Estudos recentes recomendam “banhos de floresta” às mentes ansiosas do século XXI. Mas não é preciso andar a abraçar árvores para sentir a paz de um jardim. Eis alguns jardins em Portugal que vale a pena conhecer, para bem da nossa saúde mental

A dar crédito à versão bíblica, o Jardim foi a primeira obra do Criador no planeta Terra. O Deus-arquitecto foi o primeiro paisagista, nomeando Adão como seu jardineiro. Parece que nos esquecemos – sobretudo quem mora em grandes cidades – de como as plantas transmitem serenidade.

O sábio Cícero disse que se tivermos uma biblioteca e um jardim temos tudo. Conheço poucas pessoas com uma biblioteca digna desse nome, ou mesmo um jardim. Aos comuns mortais “encaixotados” em apartamentos resta os jardins públicos. E há-os verdadeiramente belos, pulmões citadinos que nos permitem uma fuga ao stress.

Durante as minhas deambulações, conheci parques e jardins maravilhosos. Mas para este 8on8 de Agosto, dedicado ao tema “Parques e jardins”, escolhi apenas jardins em Portugal, continental e insular.

 

1. Jardins da Gulbenkian (Lisboa)

Começamos este passeio na capital, num jardim de influência alemã que é uma referência para a arquitectura paisagista portuguesa. Se planeia visitar alguma exposição na Fundação Calouste Gulbenkian, reserve tempo para conhecer também os jardins. O acesso é livre.

O lugar onde hoje se localiza a Fundação, no centro de Lisboa, foi uma das portas da cidade.
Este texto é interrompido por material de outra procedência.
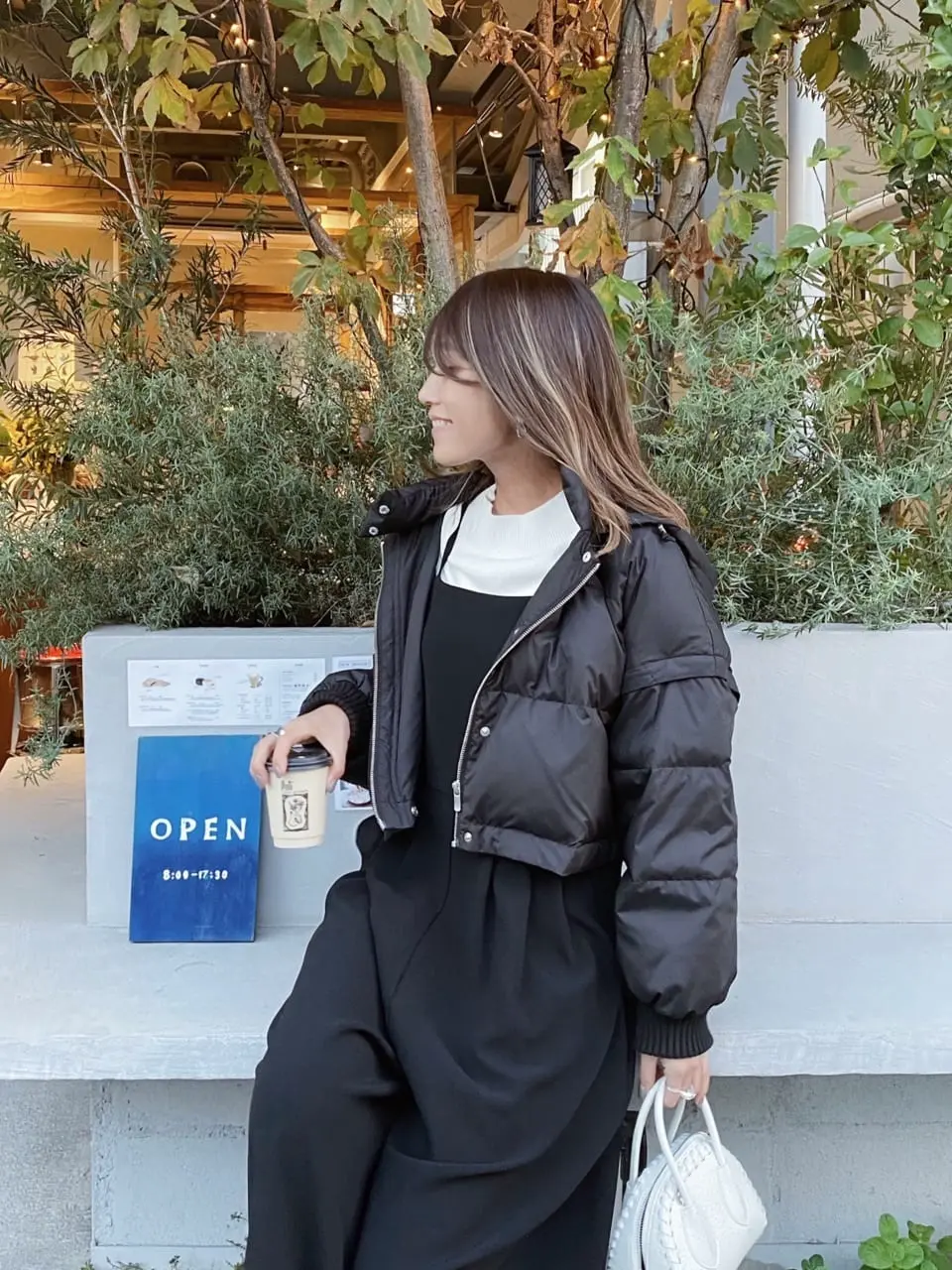 ORIGINATED IN GRACE CONTINENTAL yukimi yonee コーディネート画像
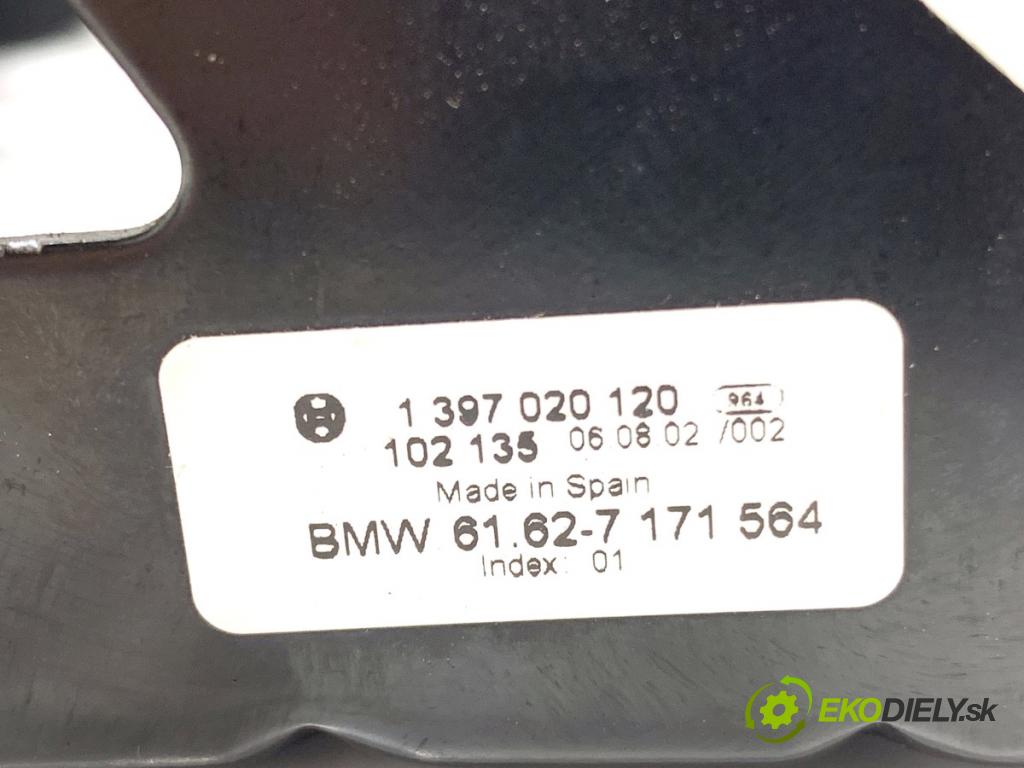 BMW E61 Kombi 2006 120 kW 520 d 1995 motor stěračů zadní část 1397220497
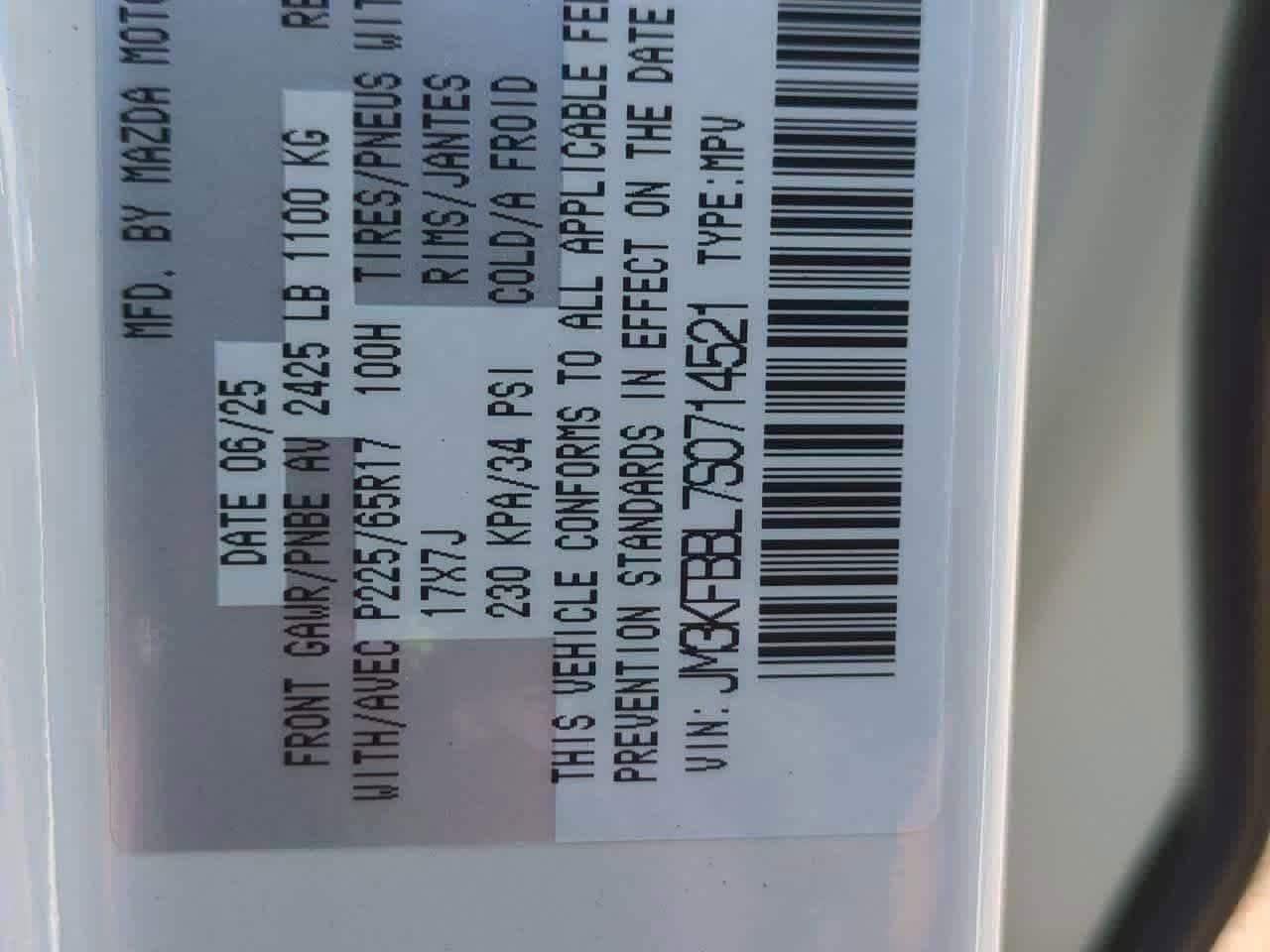 Thumbnail: 2025 Mazda CX-5 - 32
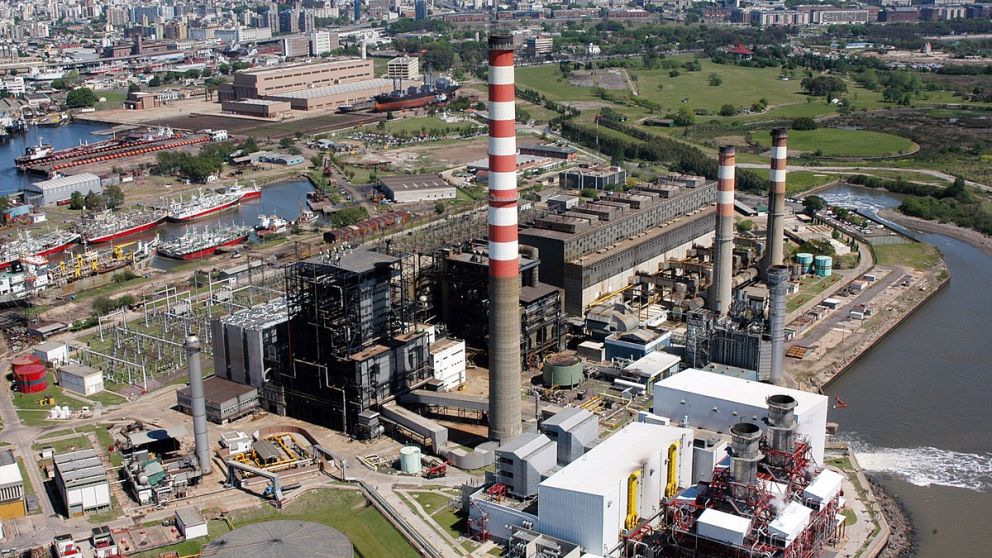 La central térmica Costanera es la más grande del país
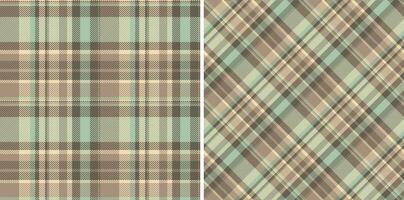 Vector seamless textile of plaid texture pattern with a check fabric tartan background. Set in fall colors. Creative gift wrapping ideas for special occasions.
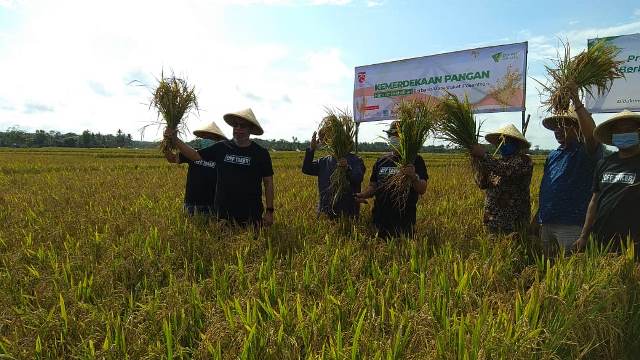 Program Ketahanan Pangan Sasar Masyarakat Pesantren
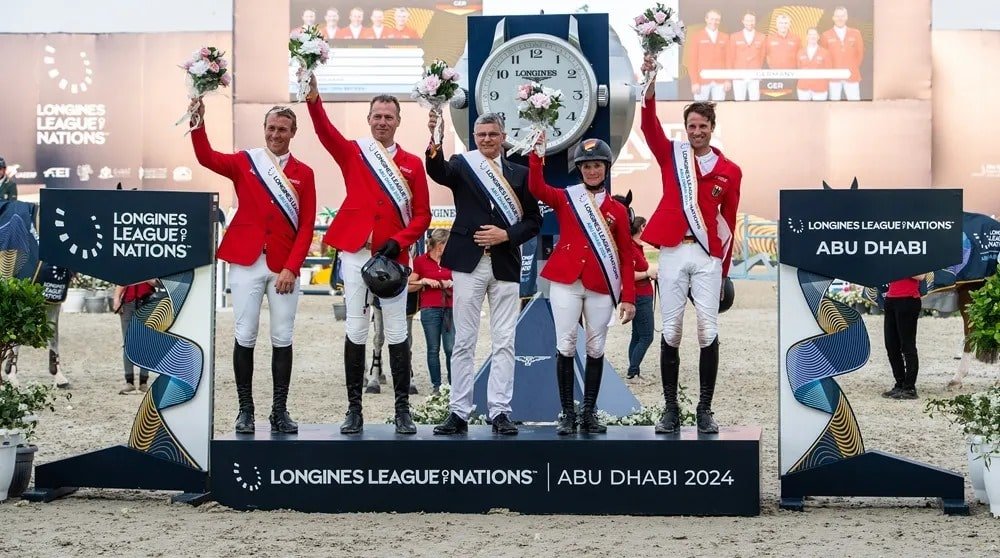 Alemania triunfa en la primera Longines League of Nations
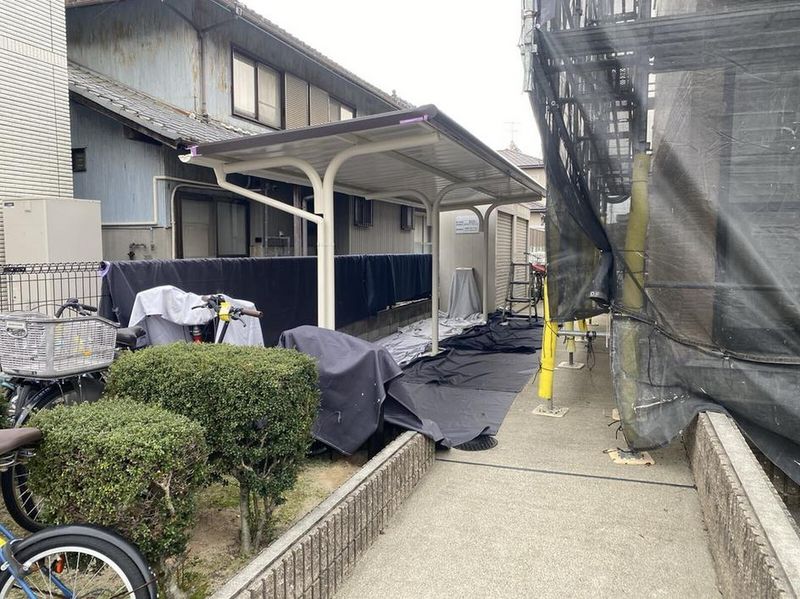 レオパレスフォンティーヌ 共用部分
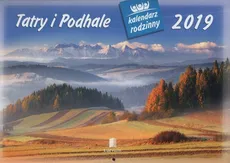 Kalendarz 2019 WL 05 Tatry i Podhale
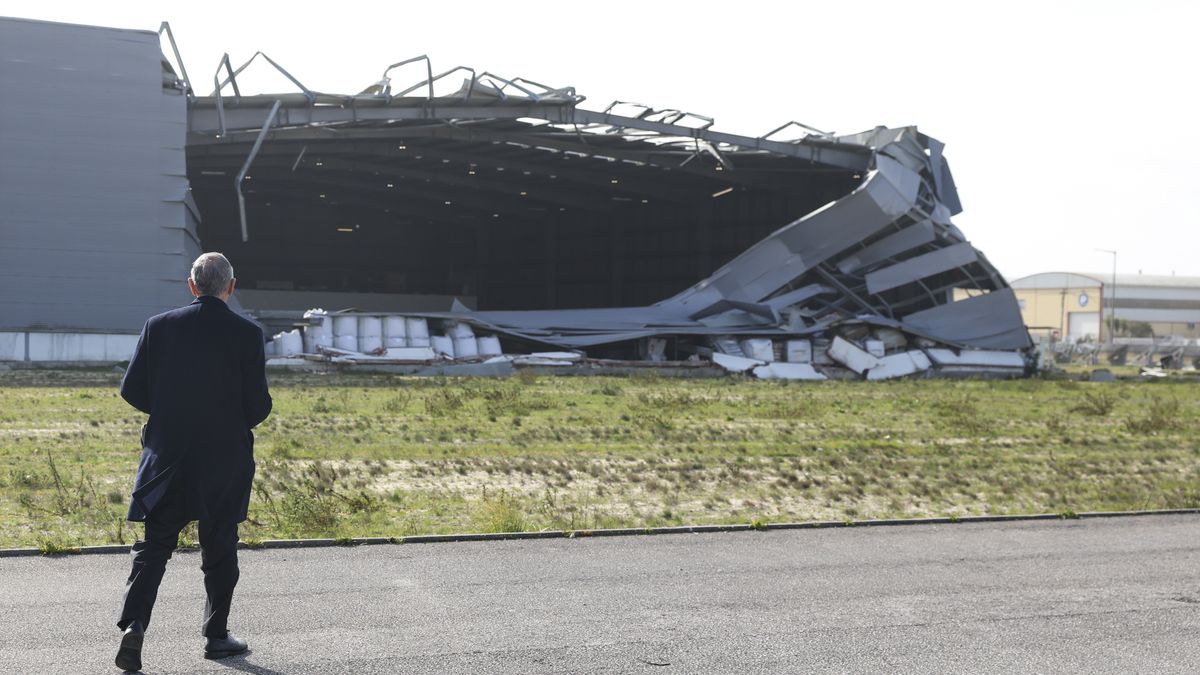 Skutki przejścia orkanu Kristin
Começou por ser uma quinta com um palácio, jardim, pomar, horta, vinhas e campos agrícolas. No século XIX foi adquirida por um conselheiro de Estado, que transformou o espaço com a ajuda de um jardineiro suíço. Depois, já no século XX, passou a pertencer à Fundação Calouste Gulbenkian.

O Jardim que hoje encontramos, frondoso e envolvente, possui mais de 230 espécies de plantas e muitos passarinhos. Ali encontra recantos tranquilos para ler e namorar, e também grandes extensões para as crianças correrem. Pode ainda desfrutar de alguns eventos artísticos, como concertos, ou actividades interessantes como garden sketching (em Setembro há algumas sessões programadas).

 

Jardins da Gulbenkian em Lisboa

© hortodocampogrande.pt

2. Budha Garden (Bombarral)

Na pacata vila do Bombarral, a cerca de 70 km de Lisboa, junto à herdade de uma famosa marca de vinhos, o Bacalhôa Budha Eden define-se como um jardim da paz. Diz-se que é o maior jardim oriental na Europa, é certamente um dos mais bonitos em Portugal.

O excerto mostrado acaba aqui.